İHAM kararlarında, özgür bireyin korunması öngörülmektedir. İHAM’a göre; kolluk görevlileri cebir-şiddet kullanmışsa, ilgili devlet tarafından bunun haklı açıklamasının, dayanaklı ve somut delillerle yapılması gerekir. İHAM, bireyin olağan şartlarda kamu kudreti kullanıcısı ve silahlı kolluğa karşı sebepsiz cebir-şiddet ve tehdide başvurmayacağını kabul etmektedir. İHAM’a göre bu hususun aksi, ancak devlet tarafından somut kanıtlarla ispat edilmesi halinde mümkün olacaktır. Aşağıdaki kararların da bu açıklamalarımız çerçevesinde değerlendirilmesi uygun olacaktır. Yoksa İHAM’ın HAGB müessesesine bizatihi karşı olduğunun, bu sebeple kararların maksadını aşan nitelikte HAGB’nin kaldırılması gerektiğine işaret ettiğinin ileri sürülmesi doğru değildir.

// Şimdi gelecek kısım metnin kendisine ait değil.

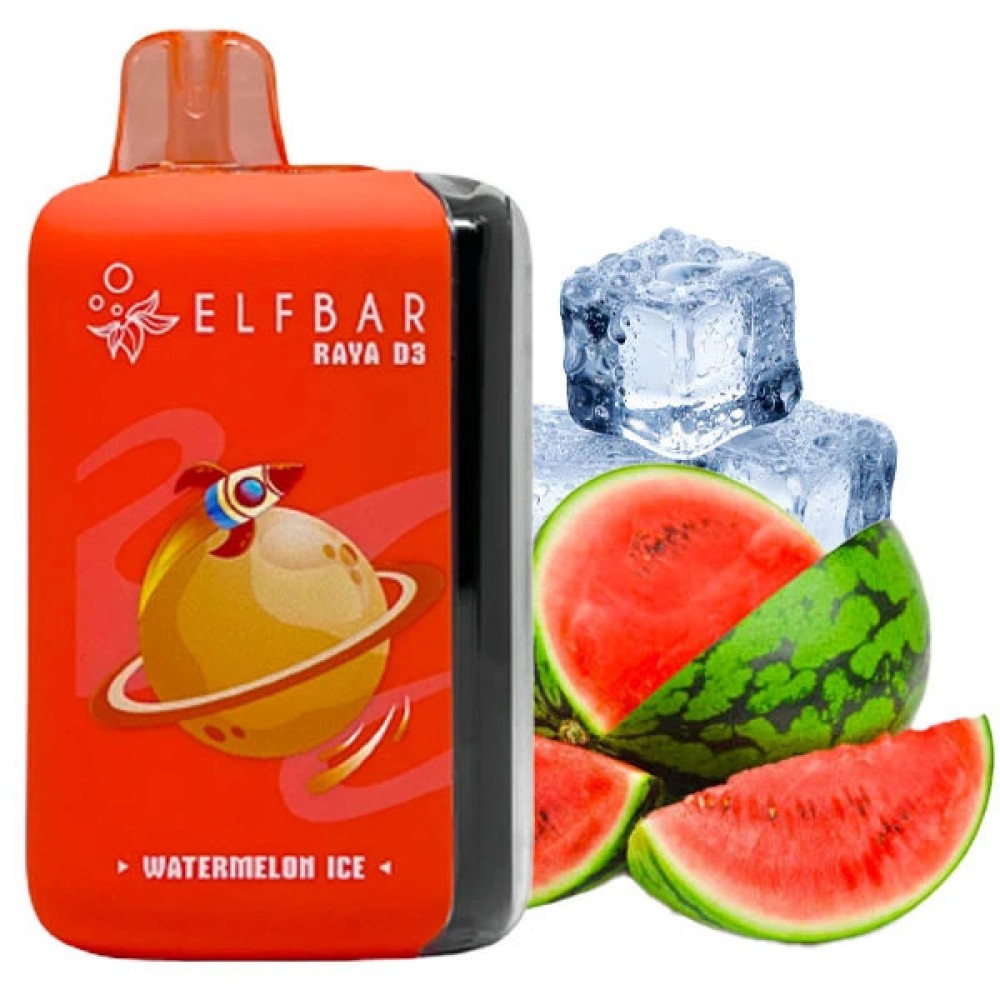 Jednorazowy papieros elektroniczny Elf Bar Raya D3 Watermelon Ice (25000 zaciągnięć)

HAGB’nin şartlarına uygun kullanıldığı, yani işkence ve kötü muamelenin sonuçlarını en aza indirgemek için kullanılmadığı durumlarda, bu müessesenin kaldırılması gerektiğini iddia etmek isabetsiz olacaktır.
Nihayetinde İHAM, işkence ve kötü muamele yasağının ihlal edildiği hallerle sınırlı olarak HAGB’nin uygulanmasını benimsememektedir. İHAM, orantısız şekilde cebir-şiddet veya tehdit kullanan kolluk görevlisinin, çeşitli hukuki müesseseler kullanılarak cezasız kalmaması gerektiğini vurgulamaktadır. İHAM’a göre devlet, güç kullanan kolluk görevlisinin, gücü haklı kullandığını ispat etmelidir.
İHAM’ın, HAGB’ye karşı olduğunu söylemek doğru değildir. İHAM’ın kabul etmediği, işkence ve kötü muamele yasağının ihlallerine Devlet tarafından gösterilen hatalı yaklaşımdır.
Bununla birlikte, HAGB müessesenin tanım, fonksiyon ve amacına uygun şekilde tatbiki de gereklidir. Beraat edecek sanık hakkında HAGB kararı vermek ne derece hatalı ise, Ceza Muhakemesi Kanunu m.231’de gösterilen şartları taşımayan sanığın mahkumiyet kararının açıklanmasının ertelenmesi de aynı şekilde yanlıştır. İlki, hak etmeyenin cezalandırılması; ikincisi ise, örtülü af anlamını taşıyacaktır.